However, many statisticians nowadays avoid using any hypothesis tests, since their interpretations may vary and the derived p values cannot, generally, be interpreted in meaningful ways. Moreover, it is adopted that by calculating the confidence interval, researchers may have “insights” to the nature of their data and the evaluated associations, whereas p values tell absolutely nothing. Criticism against hypothesis testing, dating for most of them more than 50 years ago, suggests that "they (hypotheses tests) are not a contribution to science" (Savage, 1957 in Gerrodette, 2011, p. 404) or "a serious impediment to the interpretation of data" (Skipper & et al., 1967, in Gerrodette, 2011, p. 404), or "worse than irrelevant" (Nelder, 1985 in Gerrodette, 2011, p. 404) or "completely devoid of practical utility" (Finney, 1989, in Gerrodette, 2011, p. 404) [1].
Nevertheless, and despite all the criticism, the hypothesis tests and their associated p values are still widely prevalent.
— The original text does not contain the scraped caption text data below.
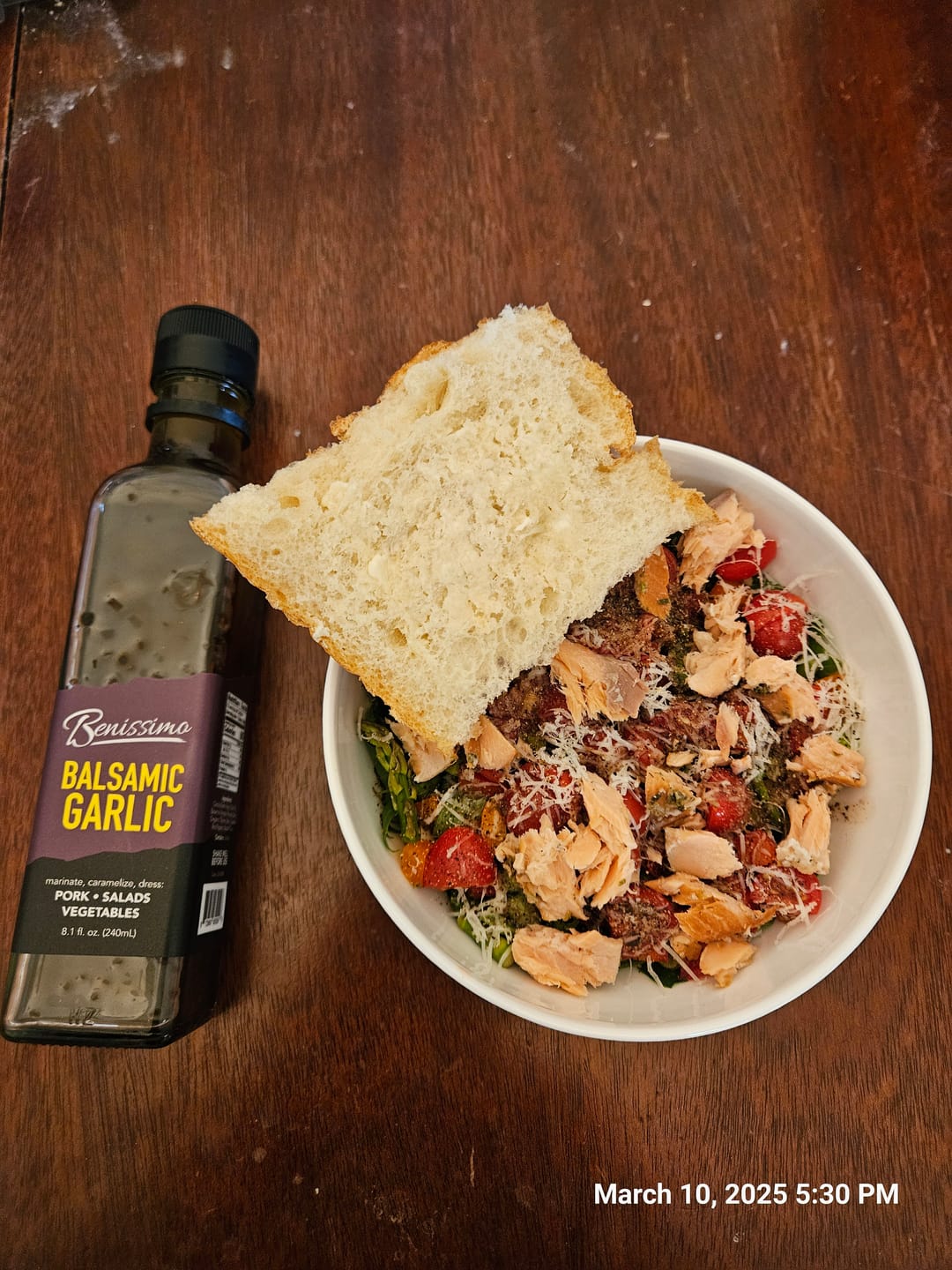 Customer photo review of Balsamic Garlic Oil 8.1 oz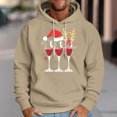 thumbnail image 2 of Christmas Sweatshirts for Men Cute Christmas Tree Santa Claus Print Graphic Long Sleeve Shirt Xmas Holiday Party Pullover Blouse, 2 of 3
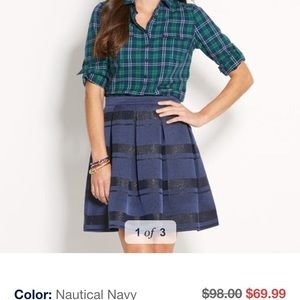 Emerald Green navy white and hot pink plaid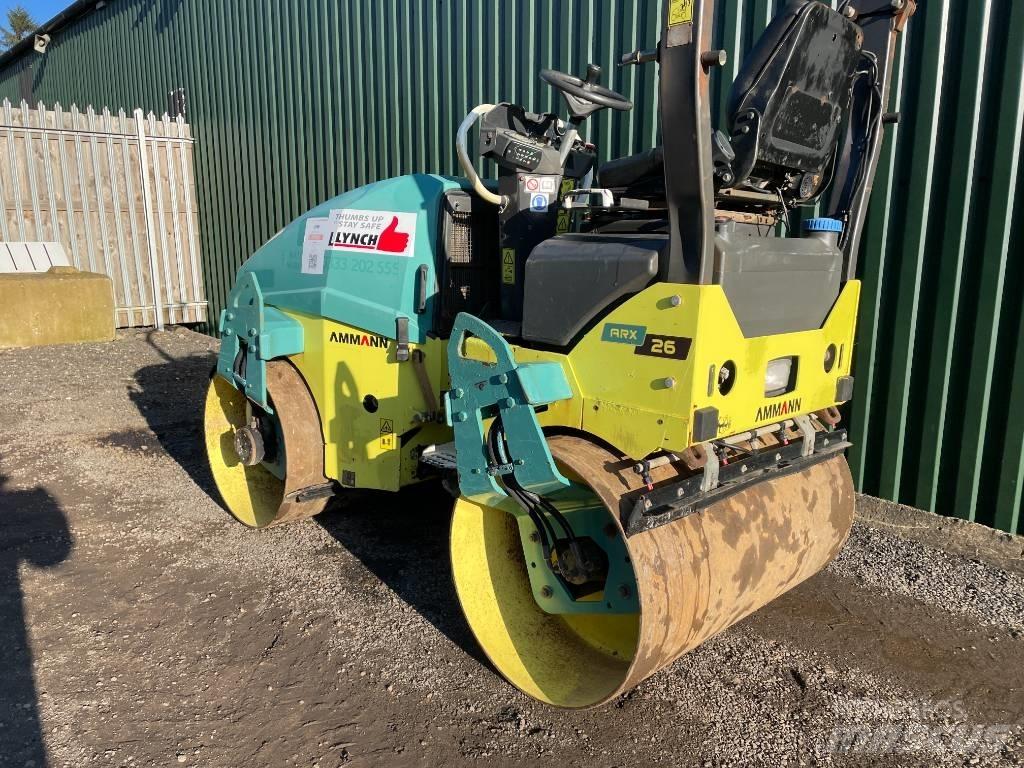 Ammann ARX 26 Двойни барабанни ролки
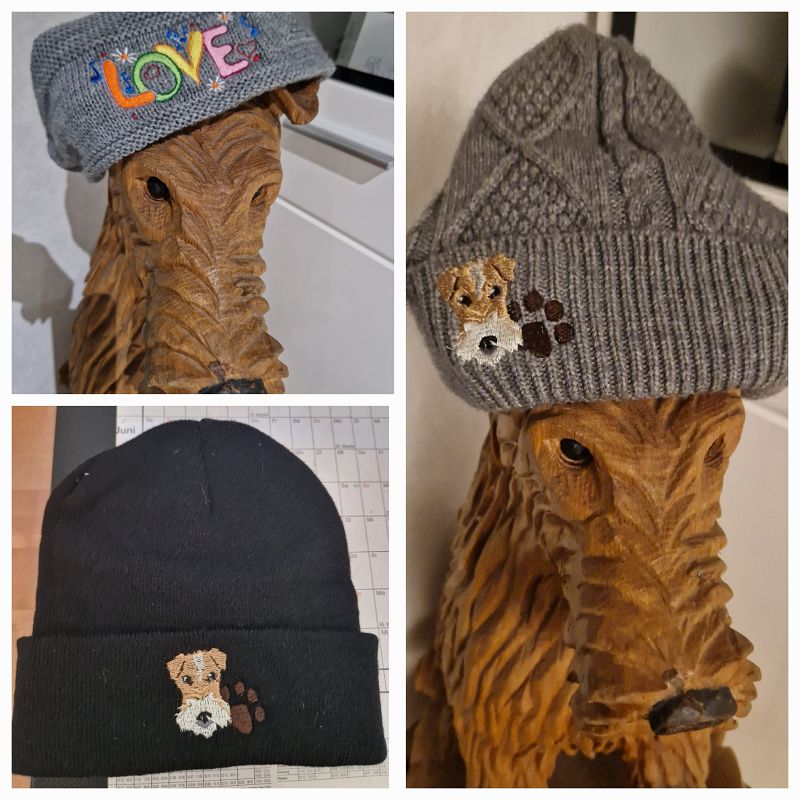 Individuell bestickte Mützen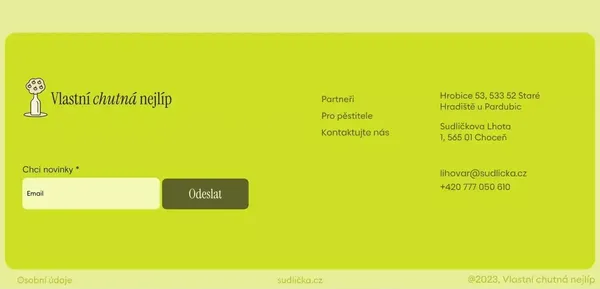 Vlastní Chutná Nejlíp | Pěstitelské pálení - Landing design inspiration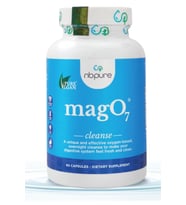 NBpure MagO7 - 90 Capsul Natural Colon Cleanse  Detox Occasional Constipation Relief, Stool Softening, Bloating for Men & Women Ozonated Magnesium Oxide. (Renksiz)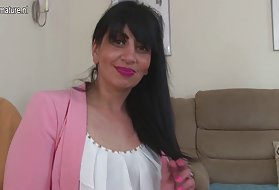 Arapska zrela majka iz velike britanije je gladan zrele monologe školi zrele arapski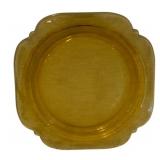 Amber Depression Glass Dish - 10.5"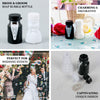 24 Pack | Bride & Groom 2Inch Soap Bubble Bottles Wedding Party Favors, Prefilled Favor Bubbles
According to Lesaffre (2008) [21], it is important to note that a 95% confidence interval bears more information than a p value, since the confidence interval has a much easier interpretation and allows better comparability of results across different trials. Moreover, in meta-analyses, the confidence interval is the preferred tool for making statistical inference. According to Wood (2104) [19], a (1-α)x100% confidence interval provides directly the strength of the effect, as well as the uncertainty due to sampling error, in an obvious way by providing the width of the interval. The information displayed is not trivial or obvious like the NHST conclusions may be, and misinterpretations seem far less likely than for NHSTs. Thus, the use of the confidence intervals has the potential to avoid many of the widely acknowledged problems of NHSTs and p values [19]. Moreover, several high-impact journals, especially in health sciences and other fields, as well as Societies (e.g., American Psychological Association’s (APA) Task Force on Statistical Inference (TFSI)) have strongly discouraged the use of p values to prefer point and interval estimates of the effect size (i.e., odds ratios, relative risks, etc), instead of p values, as an expression of uncertainty resulting from limited sample size and also encouraging the use of Bayesian methodology [21-22]. It is not surprising to note that, a century following its introduction many researchers still poorly understand the exact meaning of p value, resulting in many miss-interpretations [17].
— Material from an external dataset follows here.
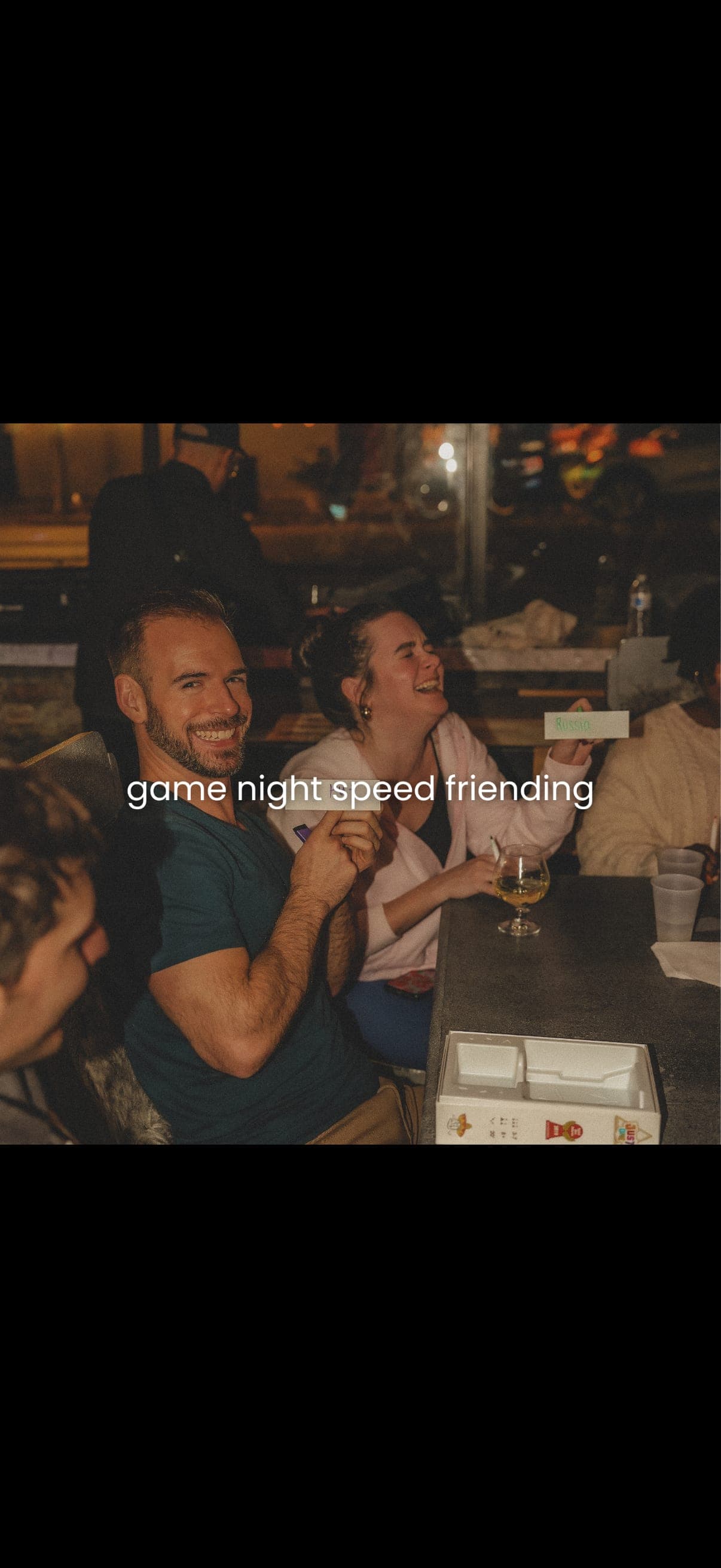 game night: speed friending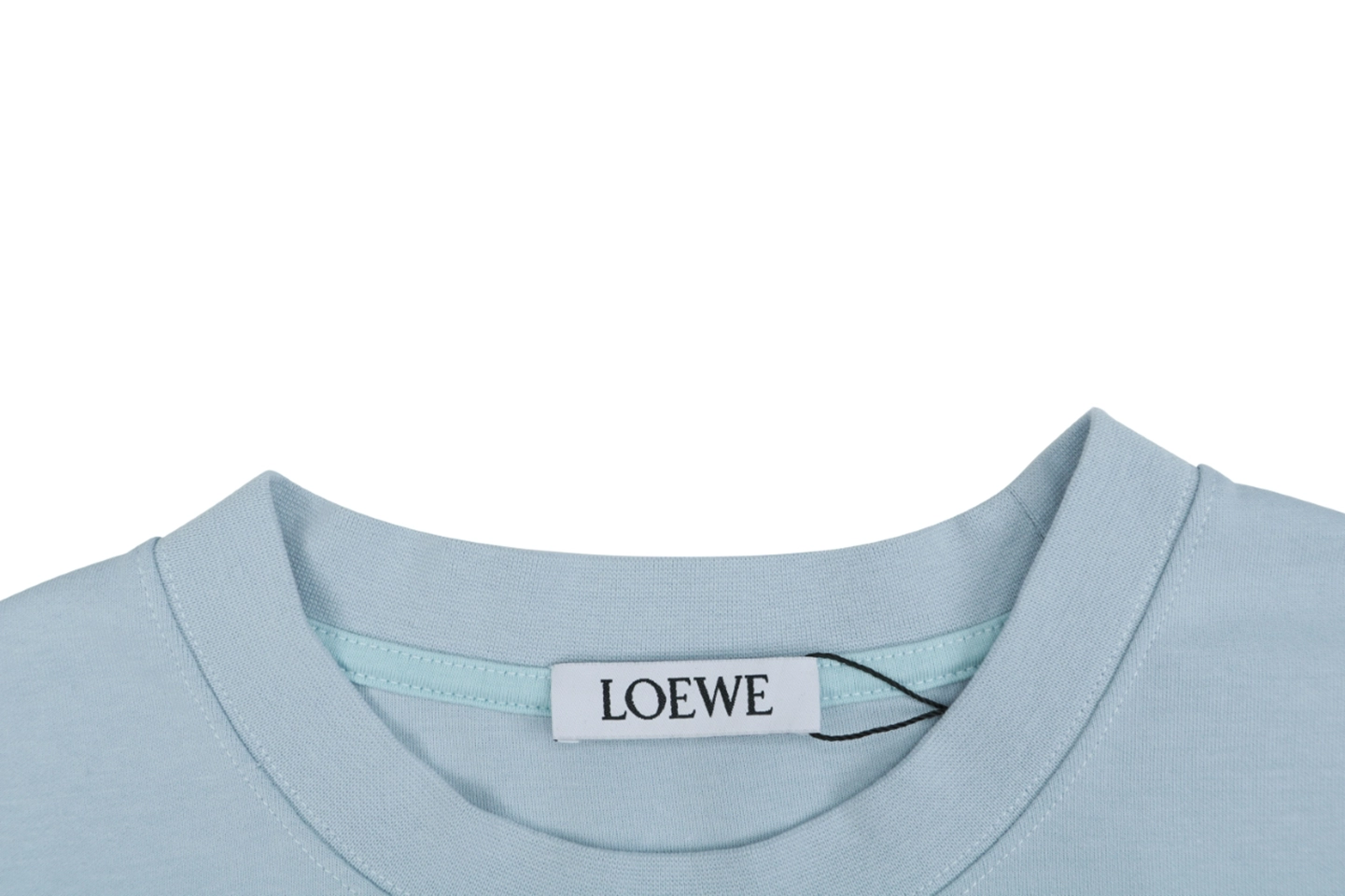 Loewe Anagram Burnout Openwork T-Shirt Collar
Advantages of The Confidence Interval Versus p Value
It is now common belief that researchers should be interested in defining the size of the effect of a measured outcome, rather than a simple indication of whether it is or not statistically significant [23]. On the basis of the sample data, confidence intervals present a range of alternative values in which the unknown population value for such an effect is likely to lie. Indeed, confidence intervals give different information and have different interpretation than p values, since they specify a range of alternative values for the actual effect size (since they present the results directly on the scale of the measurement), while p values don't. Moreover, confidence intervals make the extent of uncertainty salient, which a p value cannot do. Since the mid 1980’s, Gardner & Altman suggested that "a confidence interval produces a move from a single value estimate - such as the sample mean, difference between sample means, etc – to a range of values that are considered to be plausible for the population" [24].
Resampling Techniques
It is known from basic statistics that many statistical criteria (e.g., t-test) are asymptotically normally distributed, but the normal distribution may not be always a good approximation to their actual sampling distribution in the empirical samples derived from experiments, clinical trials or observational surveys. Indeed, the validity of the traditional statistical inference is mostly based on a theorem known as the Central Limit Theorem, which stipulates that, under fairly general conditions, the sampling distribution of the test statistic can be approximated by a normal distribution or under more limited assumptions by the t- or chi-square distributions. Based on these assumptions confidence intervals and p values are then calculated; however, with a considerable level of doubts and concerns.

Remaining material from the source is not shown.